Task directions - Both ends included, set down the lines from the line containing "Yahoo!オークション -「標本 トリバネアゲハ」の落札相場・落札価格" through the last line of the records below, without pictures.

Exercise input -

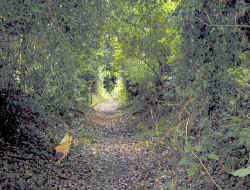 green.love.tunnel.jpg (94258 bytes)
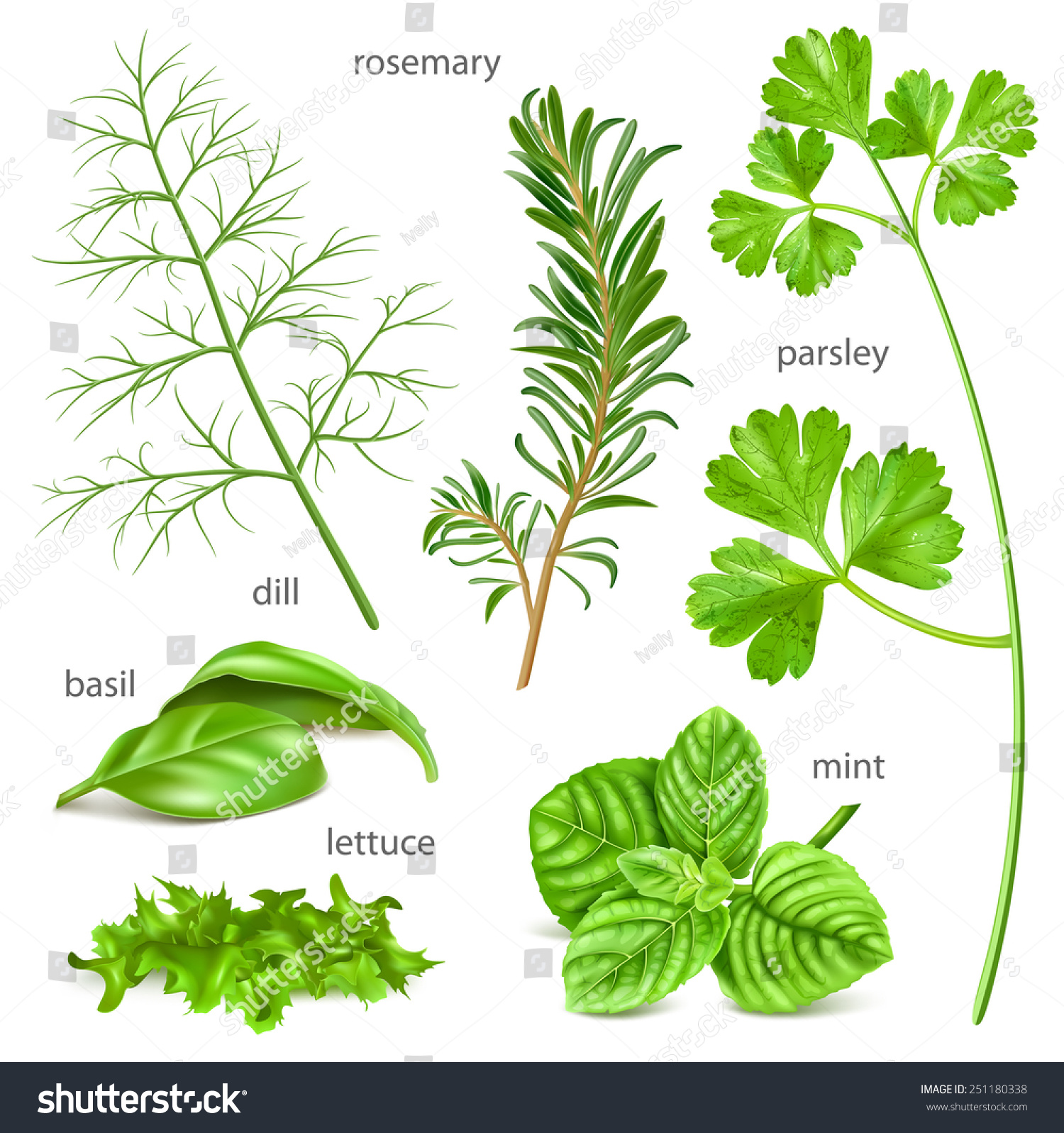 Herbs Collection Vector Illustration Stock Vector (Royalty Free) 251180338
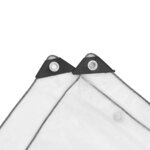 vidaXL Couverture pour plantes Transparent 2 x 12 m PE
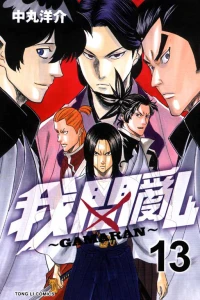 Vol. 13
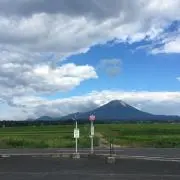 かもめの画像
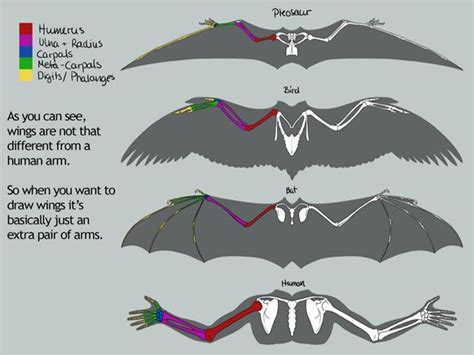 dragon wing anatomy - Google Search | Wing anatomy, Wings drawing, Dragon anatomy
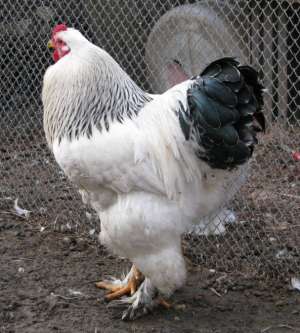 Vand cocosi Brahma,  Cochinchina,  Rhode Island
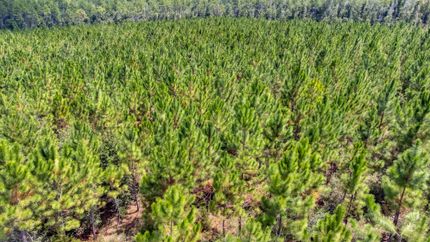 Timberland Property in Jackson County, Florida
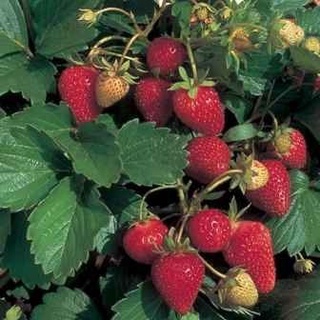 เมล็ดพันธุ์ Strawberry สายพันธุ์ Fern 50 เมล็ด เมล็ดพันธุ์นำเข้าจาก ยุโรป อัตราการงอก 90 % ส่งพร้อมคู่มือการปลูก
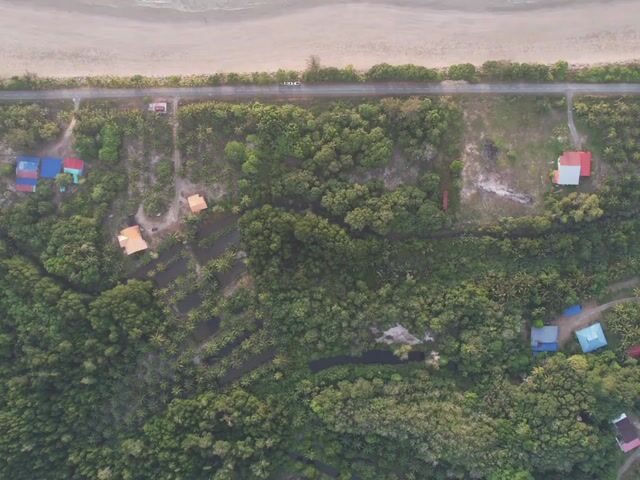 Video Image 1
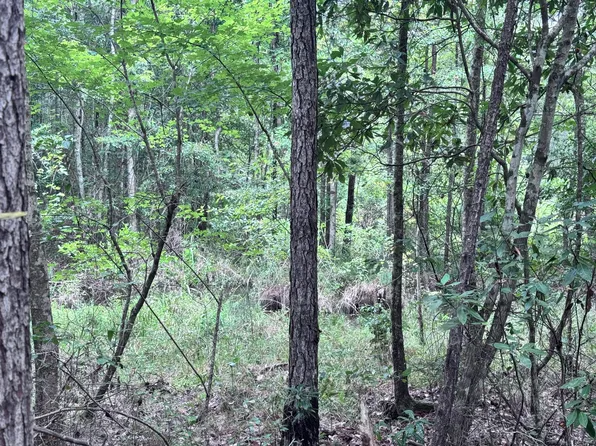 0 Lars Rd, Lumberton, MS 39455
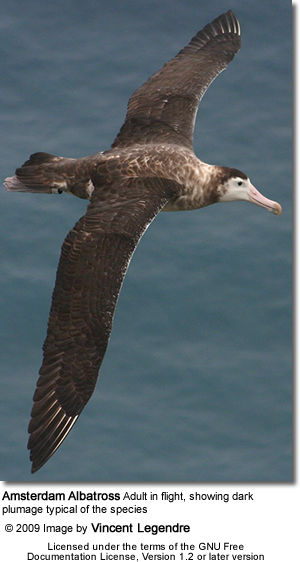 Amsterdam Albatross adult in flight, showing dark plumage typical of the species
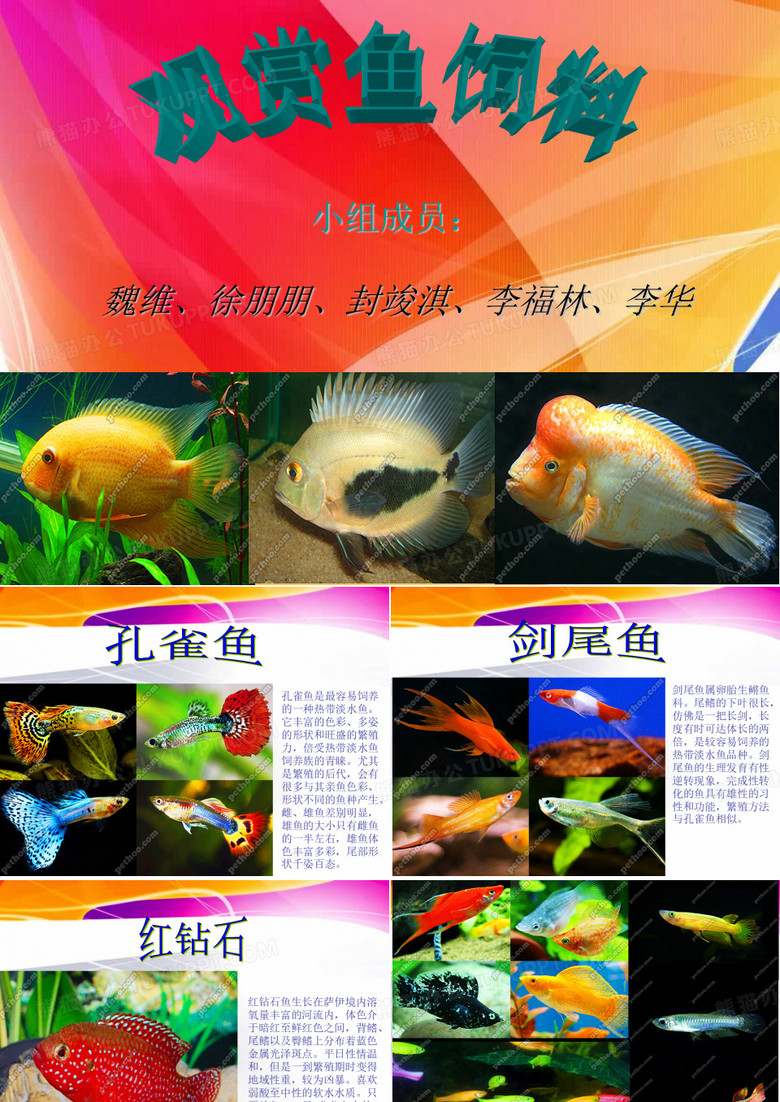 观赏鱼饲料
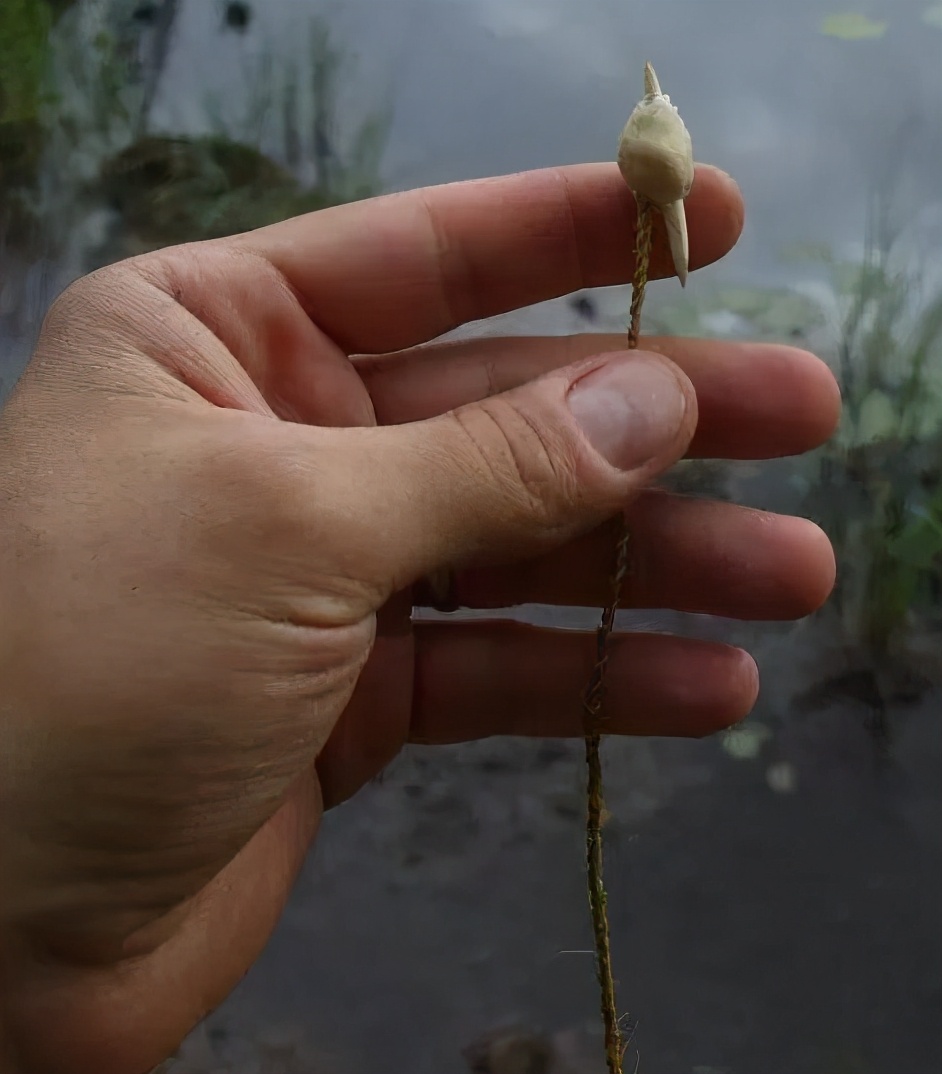 野外救急食物,野外救命技巧和方法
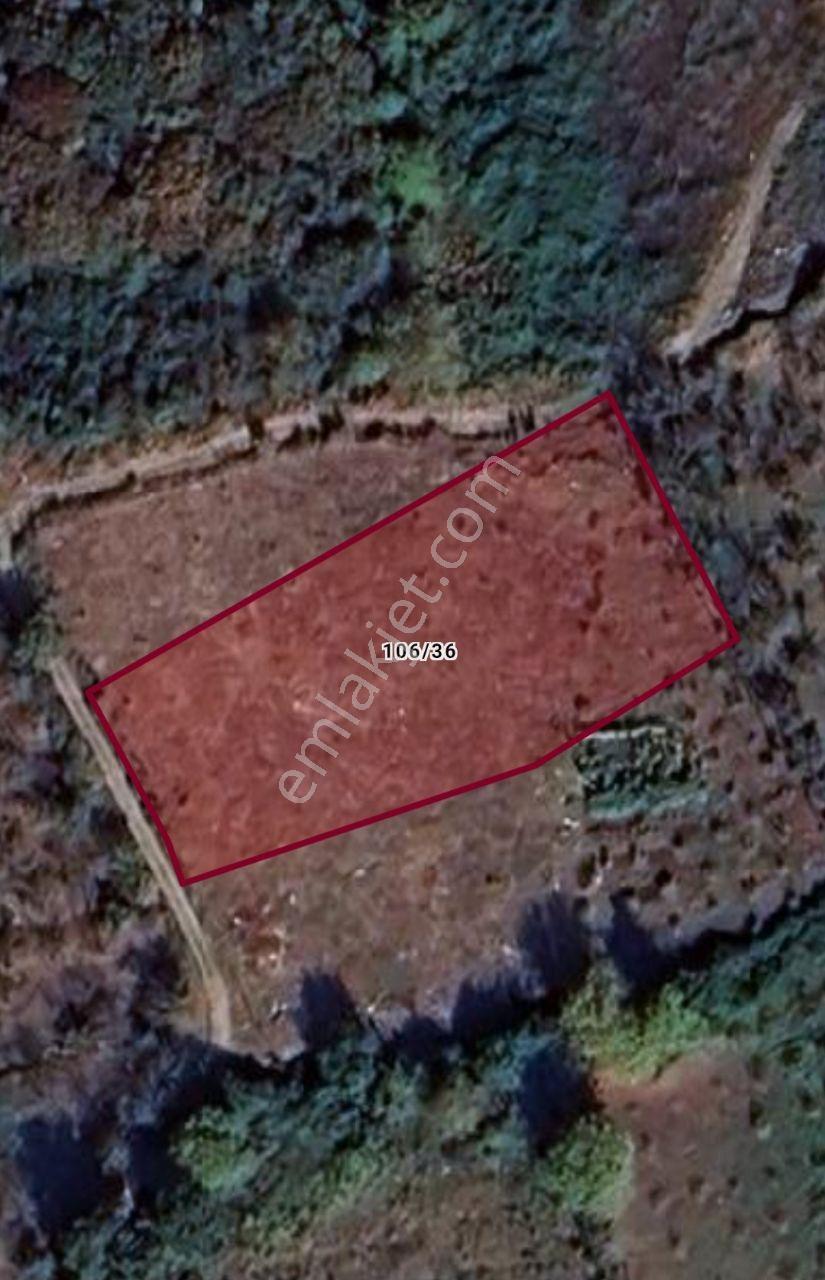 Düzce Akçakoca'da İmarlı Müstakil Tapulu Satılık Arsa - Görsel 2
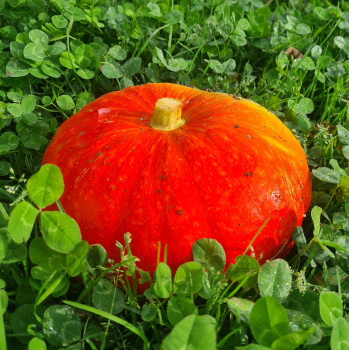 Courge rouge vif d'Estampe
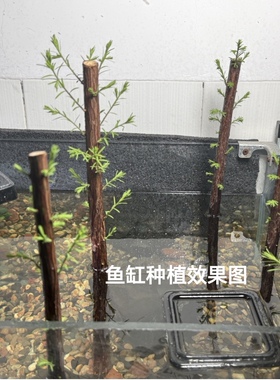落羽杉素材裸根独杆苗多分枝苗水培鱼缸造景土培盆景盆栽地栽苗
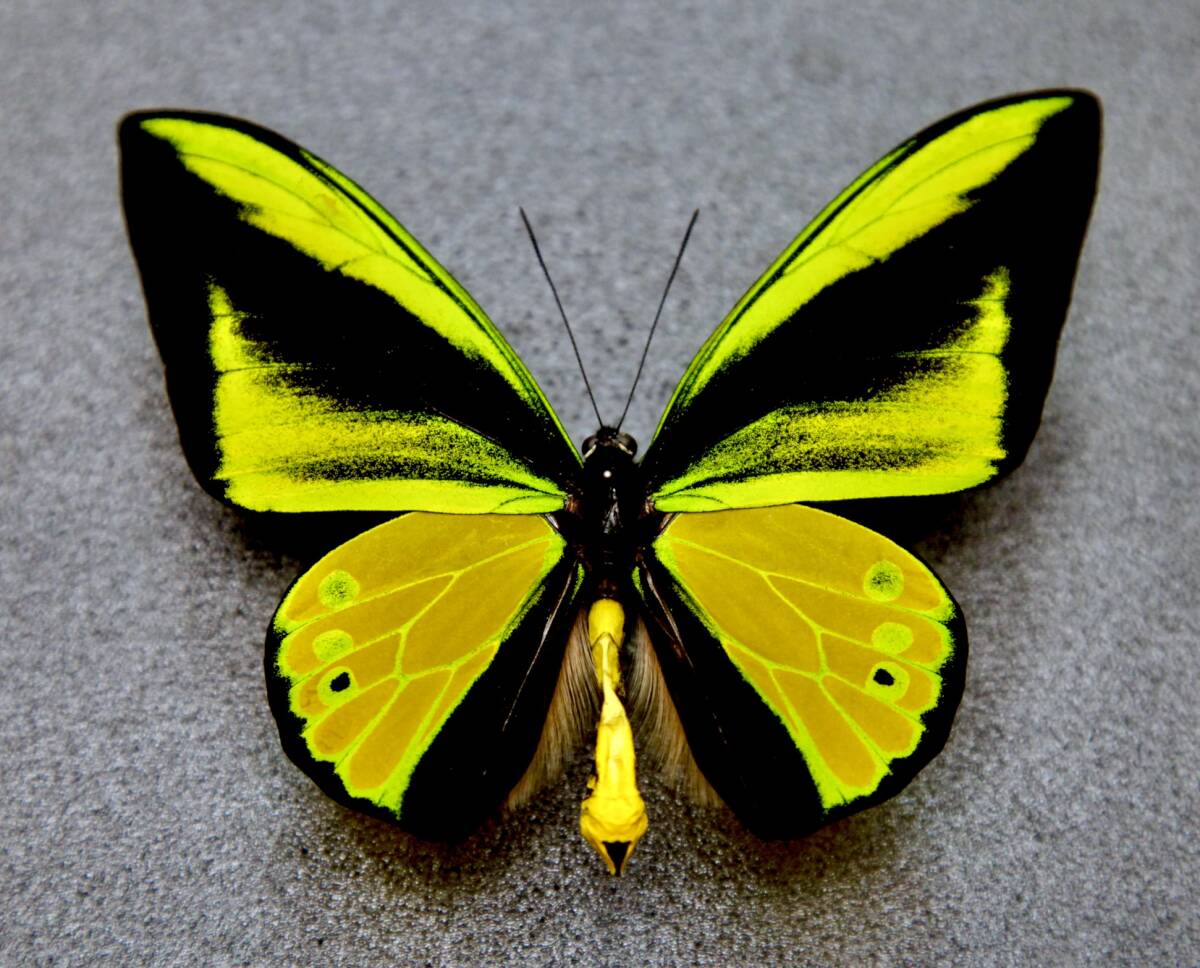 Yahoo!オークション -「標本 トリバネアゲハ」の落札相場・落札価格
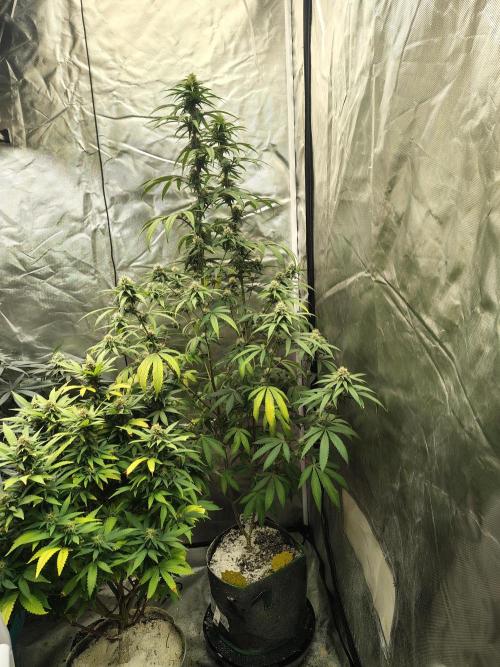 Blueberry Swirl. Week 15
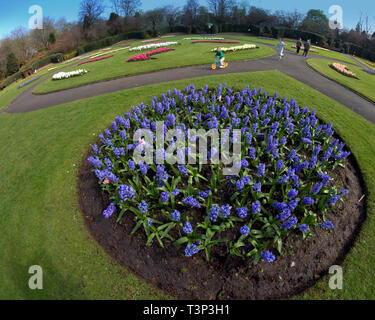 Glasgow, Schottland, Großbritannien. 11 Apr, 2019. UK Wetter: Sonnig Sommertag im Victoria Park als Grünfläche Blume der Stadt zeigt Hit ihren Höhepunkt im hellen Sonnenschein und hohen Temperaturen im Zentrum der Stadt. Credit: Gerard Fähre / alamy Leben Nachrichten Stockfoto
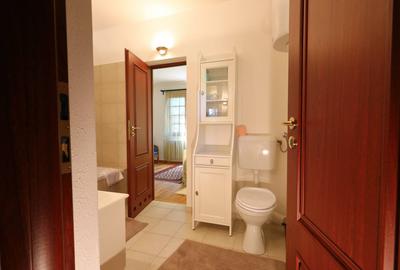 Casa de exceptie Campina - 21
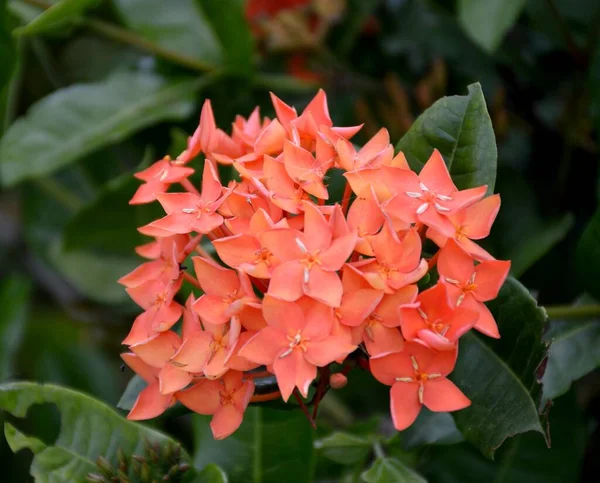 Λουλούδι Ixora Στον Κήπο Της Φύσης — Φωτογραφία Αρχείου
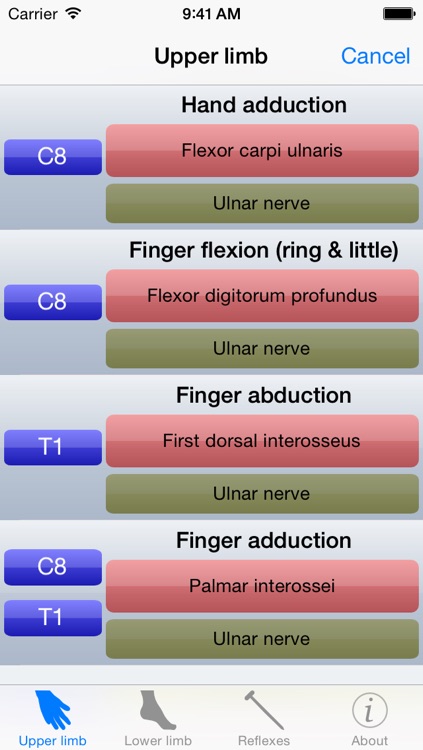 Myotomes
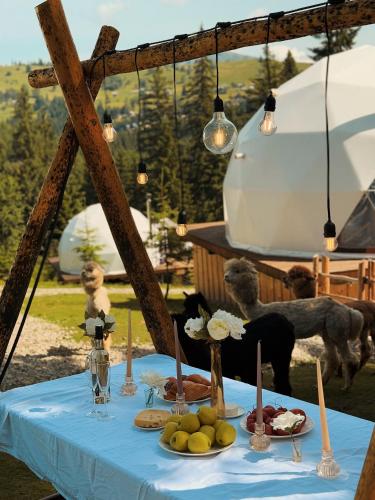 a table with a blue table cloth with food on it at GM Eco Bubble in Yablunytsya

Result for this task -
 Yahoo!オークション -「標本 トリバネアゲハ」の落札相場・落札価格
 Blueberry Swirl. Week 15
 Glasgow, Schottland, Großbritannien. 11 Apr, 2019. UK Wetter: Sonnig Sommertag im Victoria Park als Grünfläche Blume der Stadt zeigt Hit ihren Höhepunkt im hellen Sonnenschein und hohen Temperaturen im Zentrum der Stadt. Credit: Gerard Fähre / alamy Leben Nachrichten Stockfoto
 Casa de exceptie Campina - 21
 Λουλούδι Ixora Στον Κήπο Της Φύσης — Φωτογραφία Αρχείου
 Myotomes
 a table with a blue table cloth with food on it at GM Eco Bubble in Yablunytsya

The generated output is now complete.